Toshihiro KITAJIMA  Edwardo Arata Y. MURAKAMI  Shunsuke YOSHIMOTO  Yoshihiro KURODA  Osamu OSHIRO  

Publication
IEICE TRANSACTIONS on Communications   Vol.E102-B   No.4   pp.708-721
Publication Date: 2019/04/01
Online ISSN: 1745-1345
DOI: 10.1587/transcom.2018SEP0006
Type of Manuscript: Special Section PAPER (Special Section on Sensing, Wireless Networking, Data Collection, Analysis and Processing Technologies for Ambient Intelligence with Internet of Things)
Category: 
Keyword: 
camera,  heart rate,  human detection,  IoT,  privacy,  

Full Text: FreePDF(9.3MB)


Summary: 
The arrival of the era of the Internet of Things (IoT) has ensured the ubiquity of human-sensing technologies. Cameras have become inexpensive instruments for human sensing and have been increasingly used for this purpose. Because cameras produce large quantities of information, they are powerful tools for sensing; however, because camera images contain information allowing individuals to be personally identified, their use poses risks of personal privacy violations.
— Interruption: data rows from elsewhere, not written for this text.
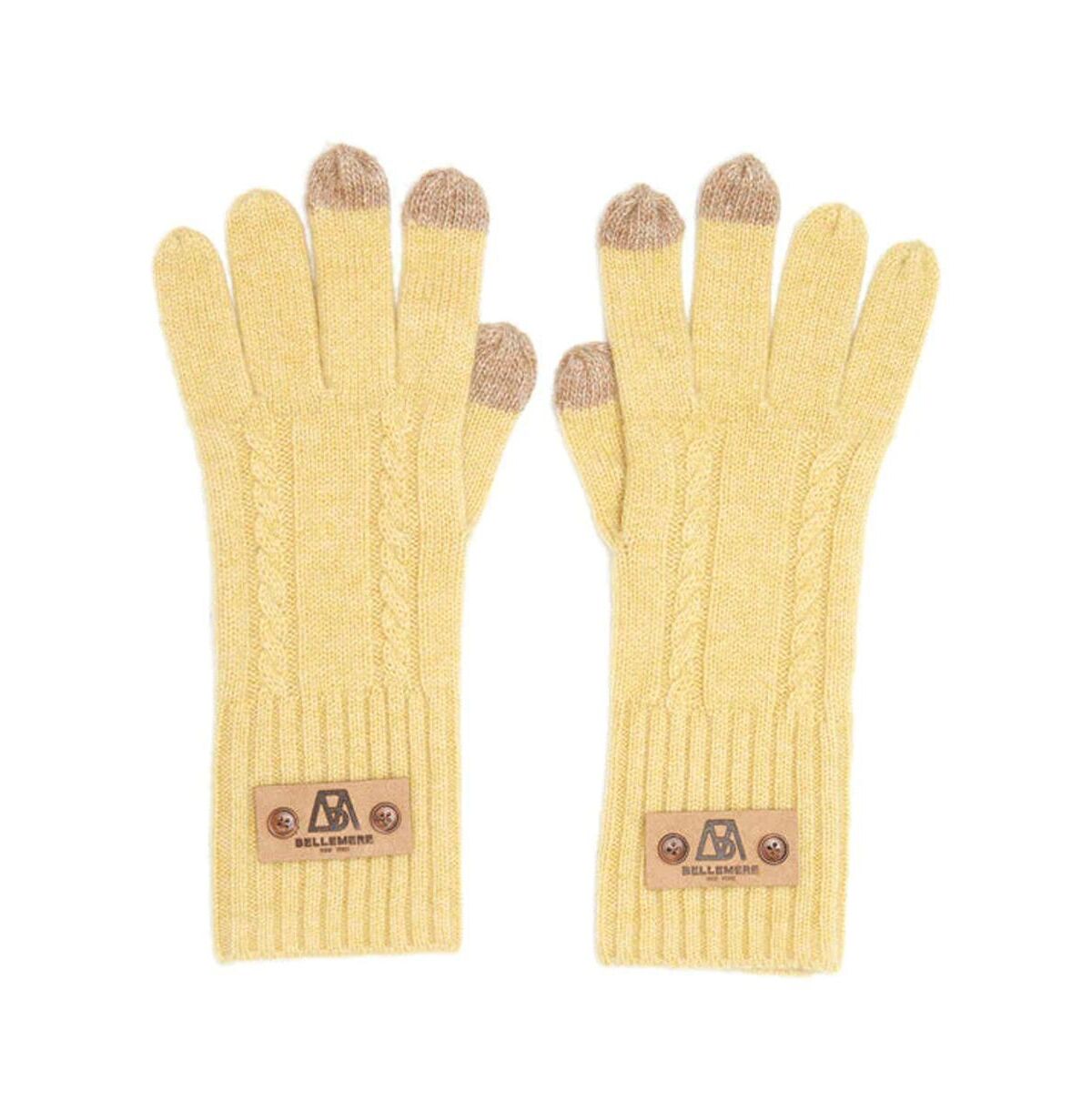 Bellemere New York Bellemere Cable-Knit Touch-screen Cashmere Gloves - Yellow
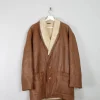 Men's Tan Vintage Shearling Short Coat L/XL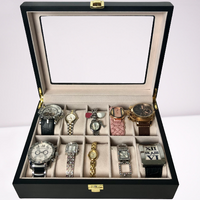 Wood Watch Bracelet Display Cases Featuring Ten Compartments Gloss Brown or Wood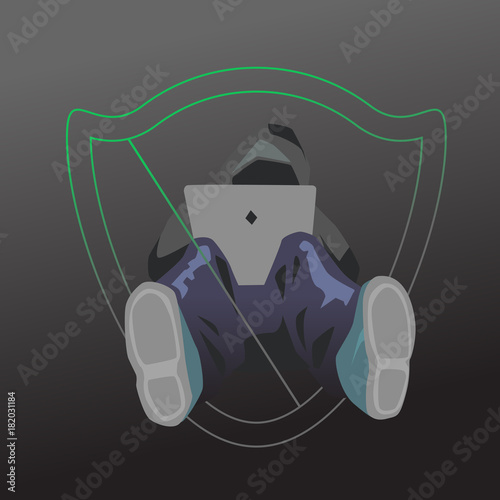 Hacker is using computer to attack vector illustration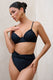 High Tide | Zwarte Gedraaide Bikini Broekje  Met Hoge Taille En Knoopdetail aan de Voorkant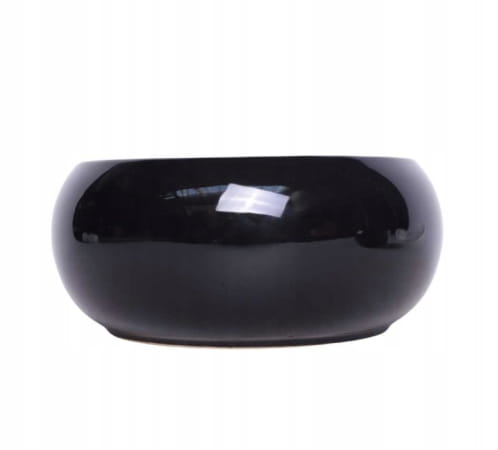 Keramisk urtepotte, sort, oval, dekorativ skål, 19x8 cm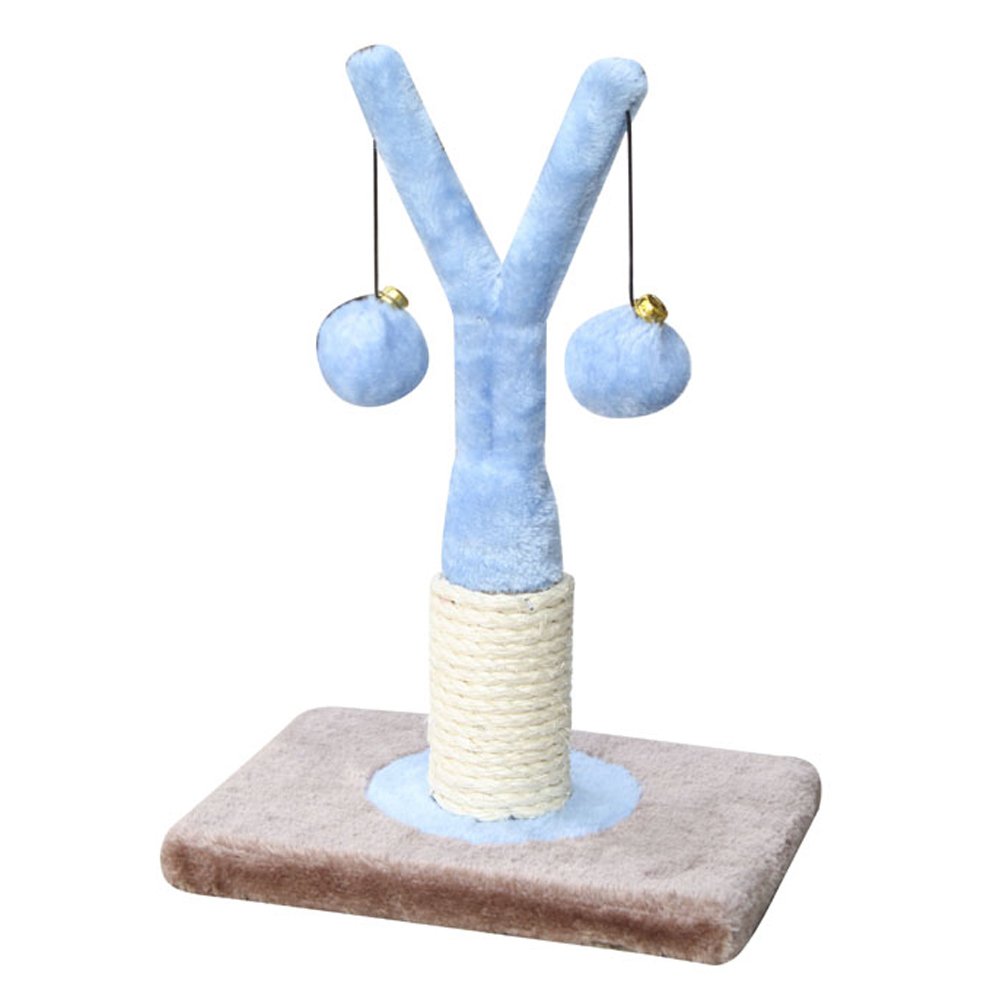 Penn Plax Y-Shaped Sisal Cat Scratching Post with Hanging Toys - Durable Kitten Scratching Pad for Indoor Cats, Perfect for Playtime & Furniture Protection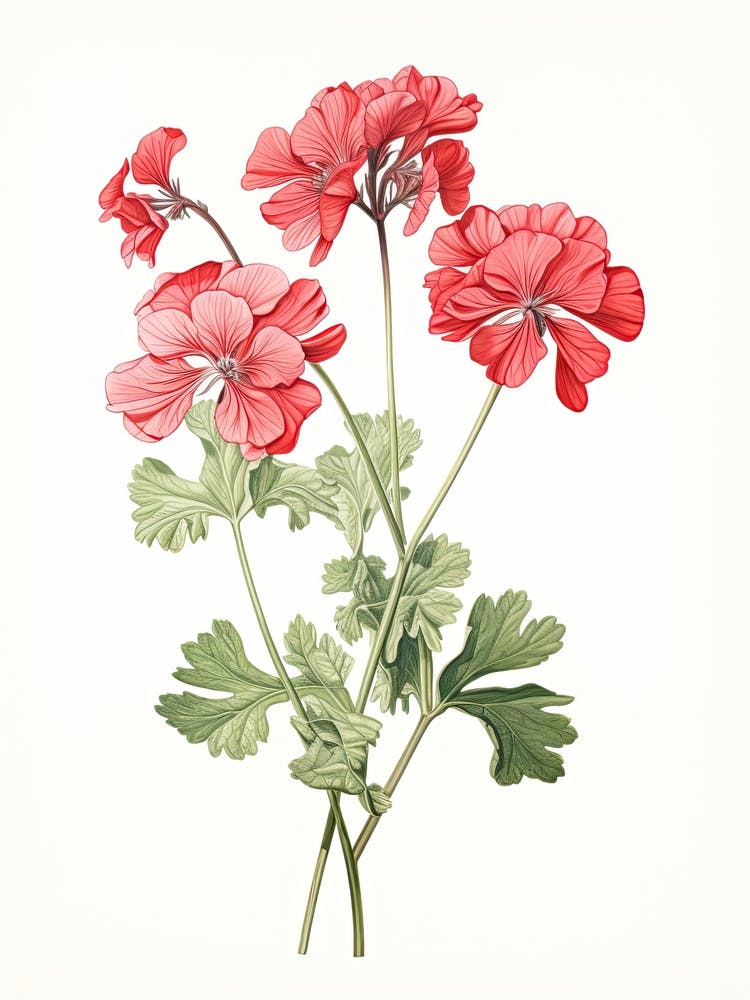 Geraniums Flower Vintage Botanical 0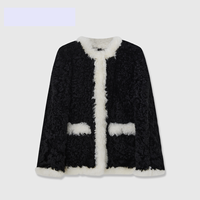 YR032 couleur contrastante véritable manteau de fourrure d'agneau de mouton bouclé pourrait fabriquer sur mesure veste de mode haut de gamme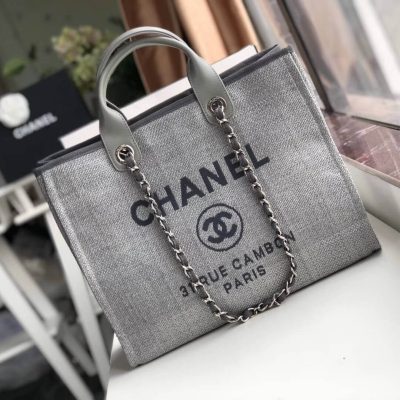 Alternative view of Wholesale Luxury Chanel Deauville Tote 38Cm Canvas Bag A66941 Ash Grey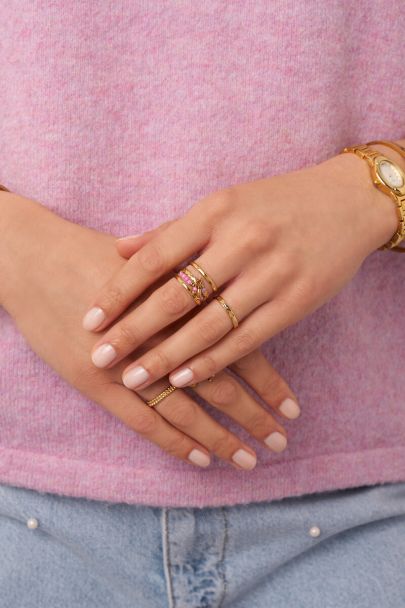 Bague maxi avec perles fantaisie roses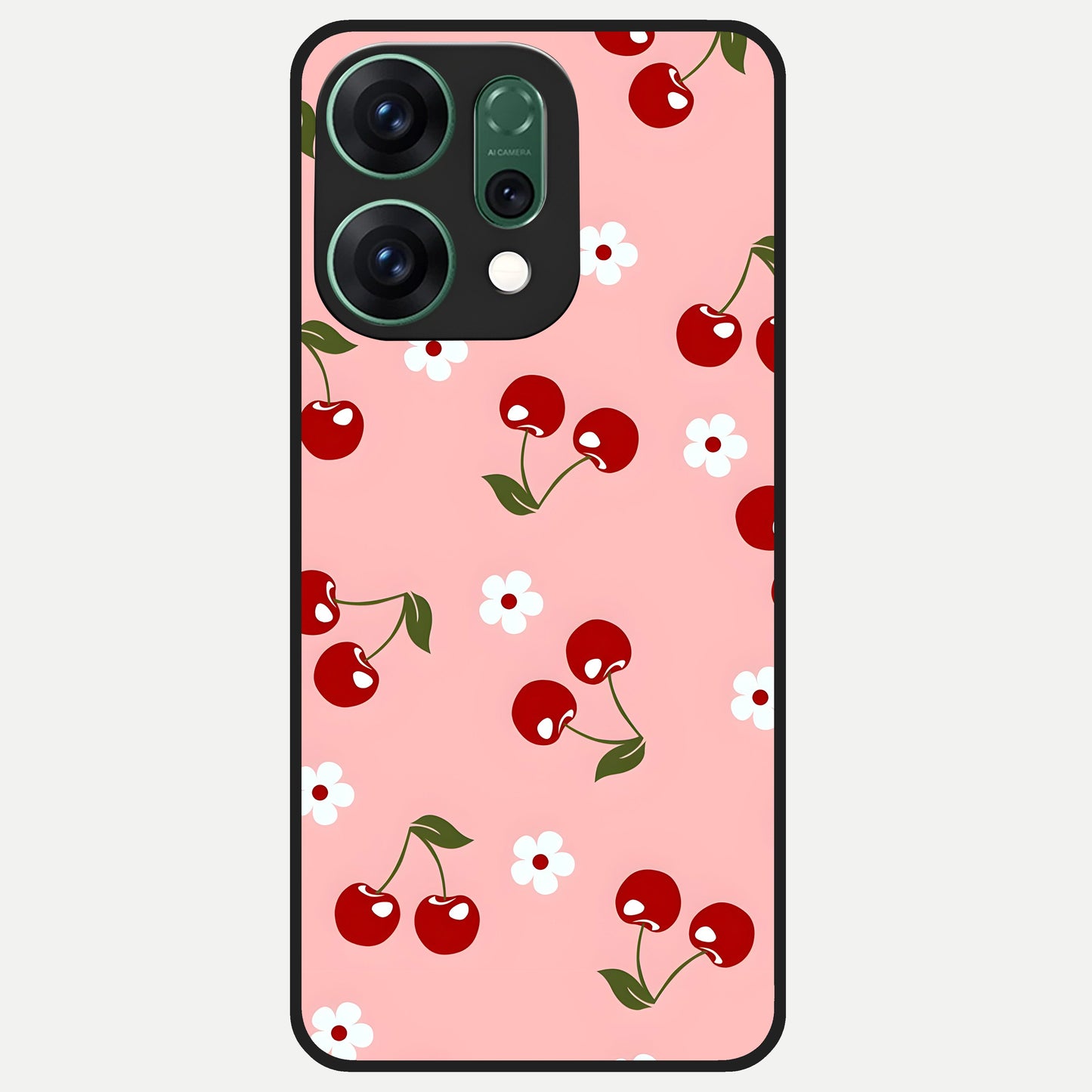  Cherry Love Mood Glass Case For Oppo Reno 14 back cover – full design glossy printed glass finish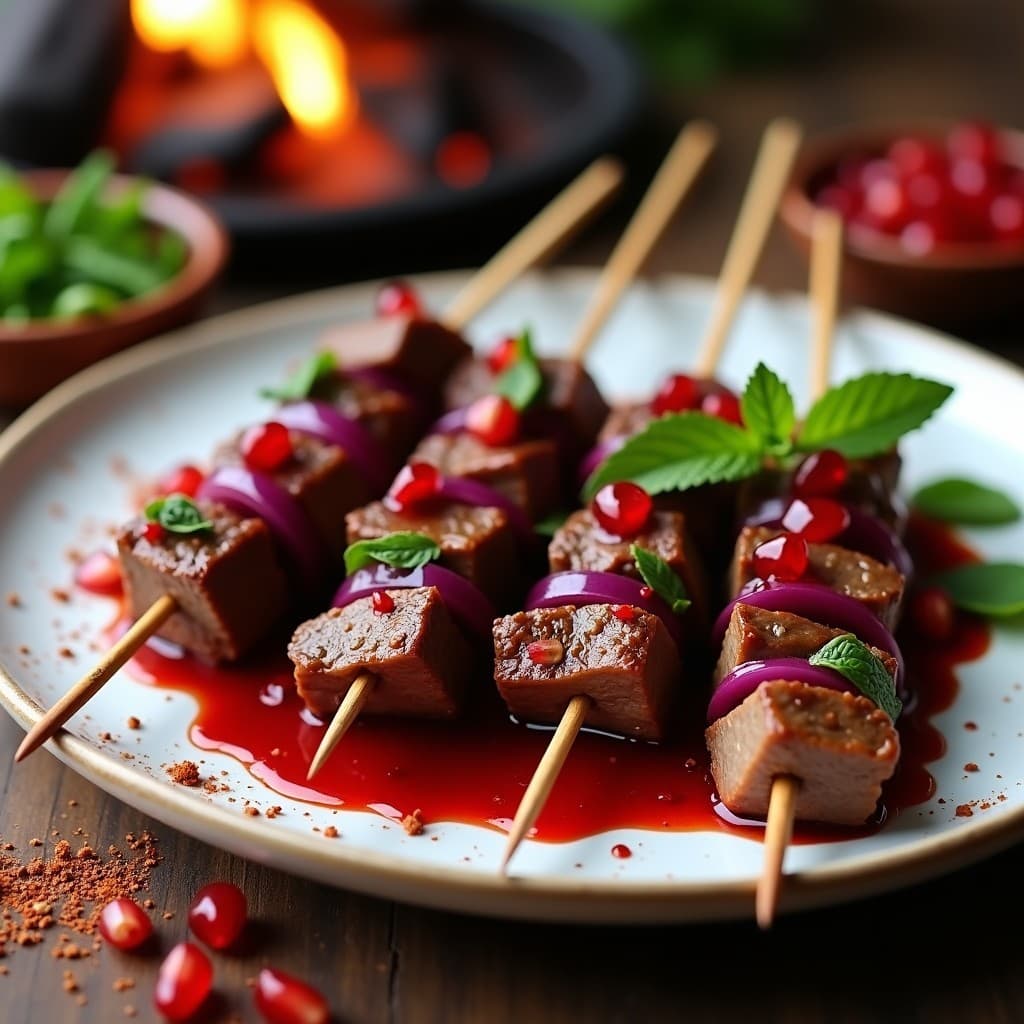 Brochetas de Cordero con Salsa de Granado y Mentas: Receta Marroquí en Grill para Fiestas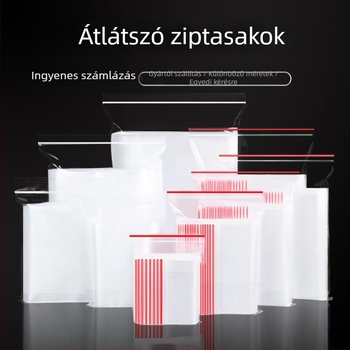 Áttetsző Ziplock zacskó élelmiszer-csomagoláshoz, zárási hossz 5–20 cm, nassolnivalók és aszalt gyümölcsök csomagolására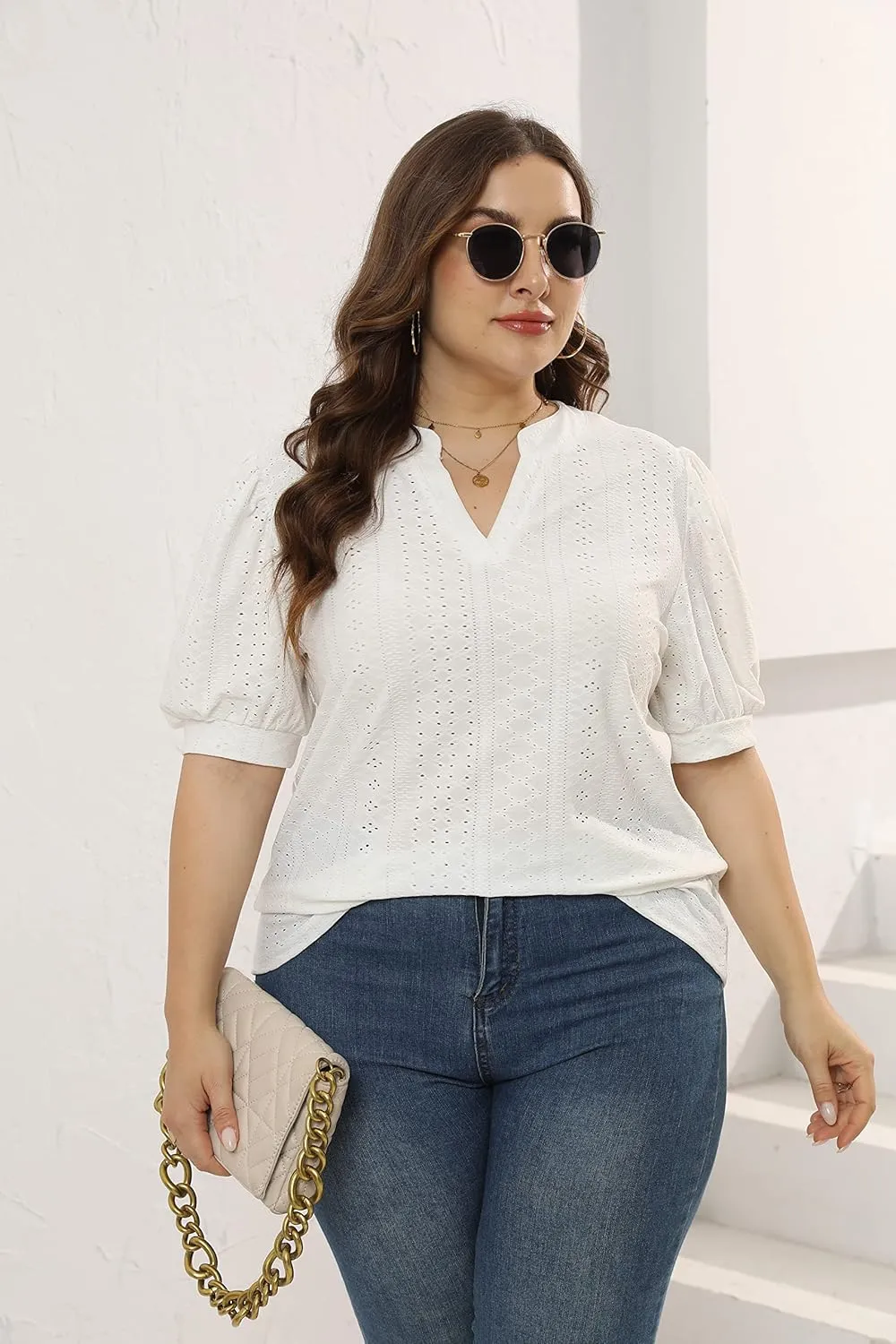 Womens Plus Size T-Shirts V-Neck Puff Short Sleeve Tops Casual Summer Eyelet Tunic Top Cute Hollow Out Blouses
In addition, because IoT-ready home appliances are connected to the Internet, camera-captured images of individual users may be unintentionally leaked. In developing our human-detection method [33], [34], we proposed techniques for detecting humans from unclear images in which individuals cannot be identified; however, a drawback of this method was its inability to detect moving humans. Thus, to enable tracking of humans even through the images are blurred to protect privacy, we introduce a particle-filter framework and propose a human-tracking method based on motion detection and heart-rate detection. We also show how the use of integral images [32] can accelerate the execution of our algorithms. In performance tests involving unclear images, the proposed method yields results superior to those obtained with the existing mean-shift method or with a face-detection method based on Haar-like features. We confirm the acceleration afforded by the use of integral images and show that the speed of our method is sufficient to enable real-time operation. Moreover, we demonstrate that the proposed method allows successful tracking even in cases where the posture of the individual changes, such as when the person lies down, a situation that arises in real-world usage environments. We discuss the reasons behind the superior behavior of our method in performance tests compared to those of other methods.